Engagement Policy Disclosure

Gore Street has published a disclosure on the Firm’s website, explaining why it does not comply with the requirements of SRD II.

Annual Update and Disclosure

This policy and the related disclosure are reviewed on at least an annual basis and presented to the Management Body. As part of this review, Gore Street will update its annual disclosure to include consideration of the following: • A general description of voting behaviour;

  • An explanation of how it has cast significant votes, including how it has cast votes in the general meetings of companies in which it holds shares; and
  • Reporting on the use of the services of proxy advisors.

The annual disclosure, when applicable, will be made on an annual basis. The annual disclosure template can be found in Appendix 8A.

Shareholder Engagement and Proxy Voting

The Firm monitors and records the way in which it has engaged with investee companies, including with regard to, and in accordance with, proxy voting policy and procedure as outlined in Appendix 8.

Gore Street maintains a record of votes exercised and periodically, and on at least an annual basis:

  • Review the Firm’s voting record and confirm that a random sample of proxy questions were voted according to the approved policy; and
  • Review any material conflicts that have been documented and determine independently
    whether the conflict was resolved in favour of the client’s interests.

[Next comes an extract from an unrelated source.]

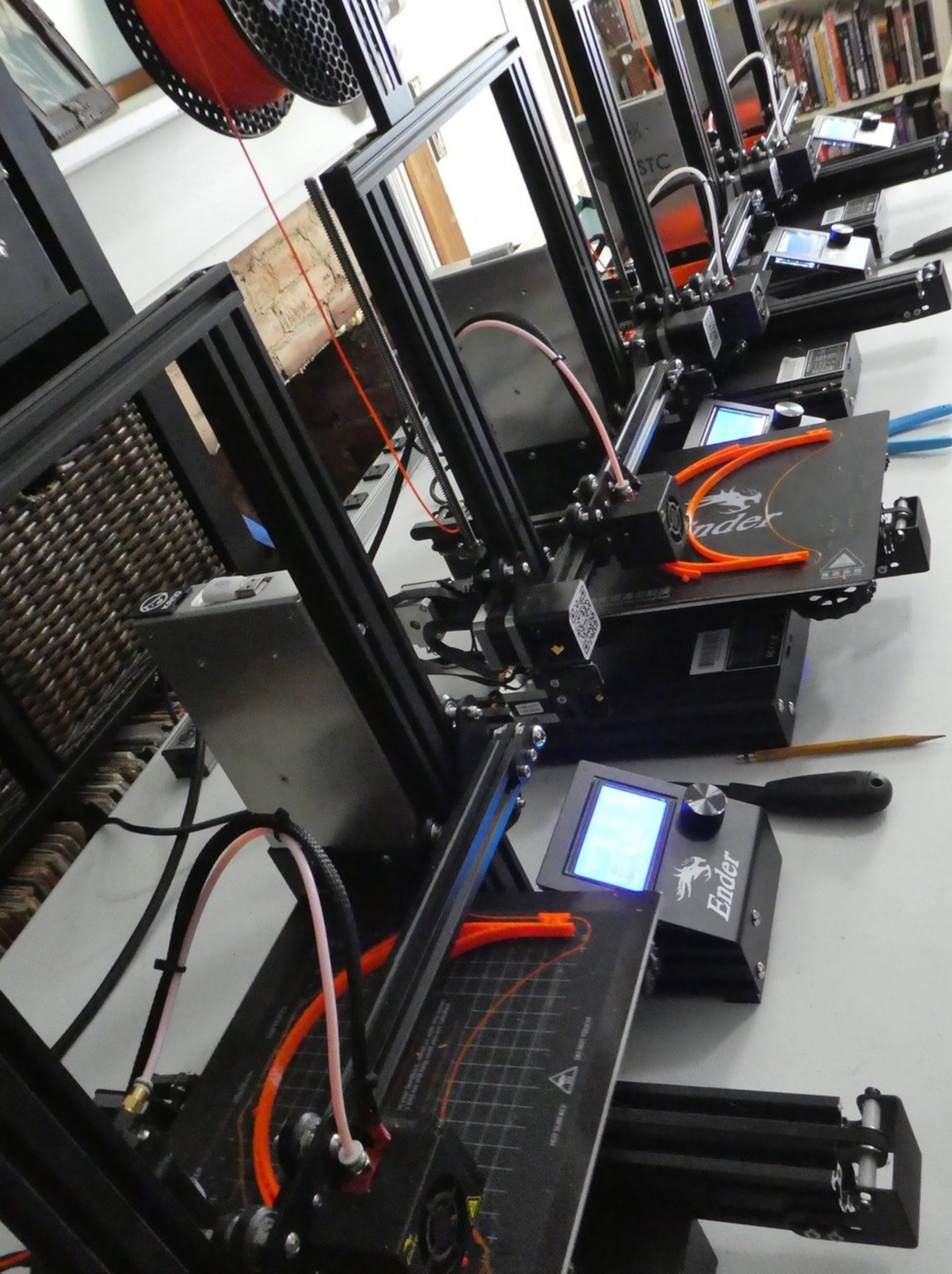 A line of 3D printers at work in the Sugiuchi home. Contributed by Deirdre Sugiuchi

Gore Street is not required to disclose votes that are insignificant due to the subject matter of the vote or the size of the holding in the company. The Firm will consider the significance of each vote on an ongoing basis and in accordance with its proxy voting policy (as outlined below).

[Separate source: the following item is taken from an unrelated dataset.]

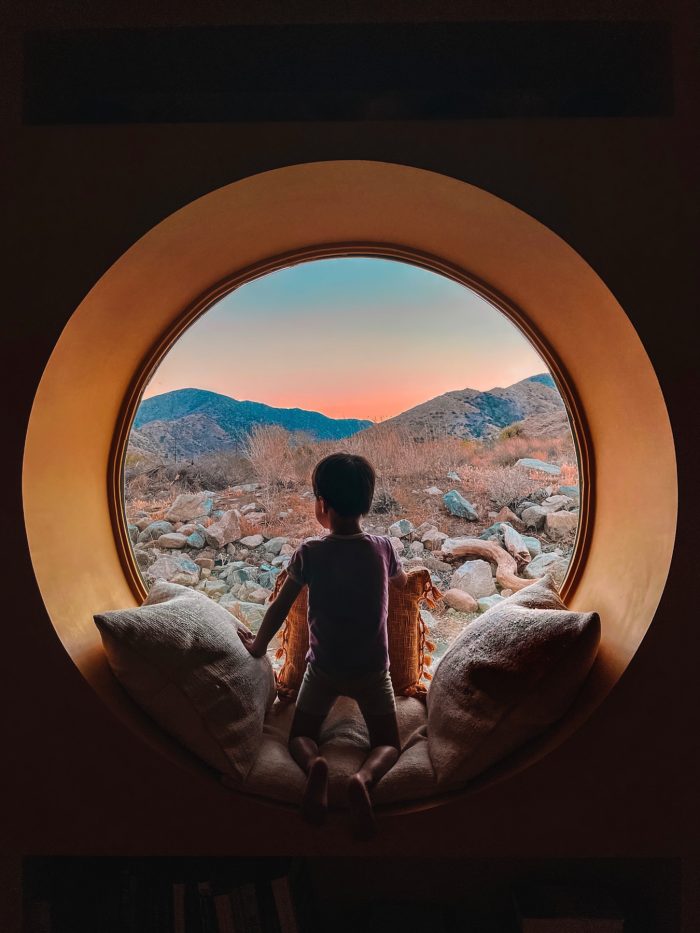 Circle window looking out on Yucca Valley desert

SRD Institutional Investors

When necessary, Gore Street will comply with the disclosure requirements of SRD II with respect to separately managed accounts of SRD institutional investors and/or, with respect to any such investors in funds to which it is the AIFM by making such information publicly available on its website. Such disclosures will be provided and updated on at least an annual basis.

The Firm will also provide this information where requested to by other (non-client) SRD investors when the Firm is required to do so.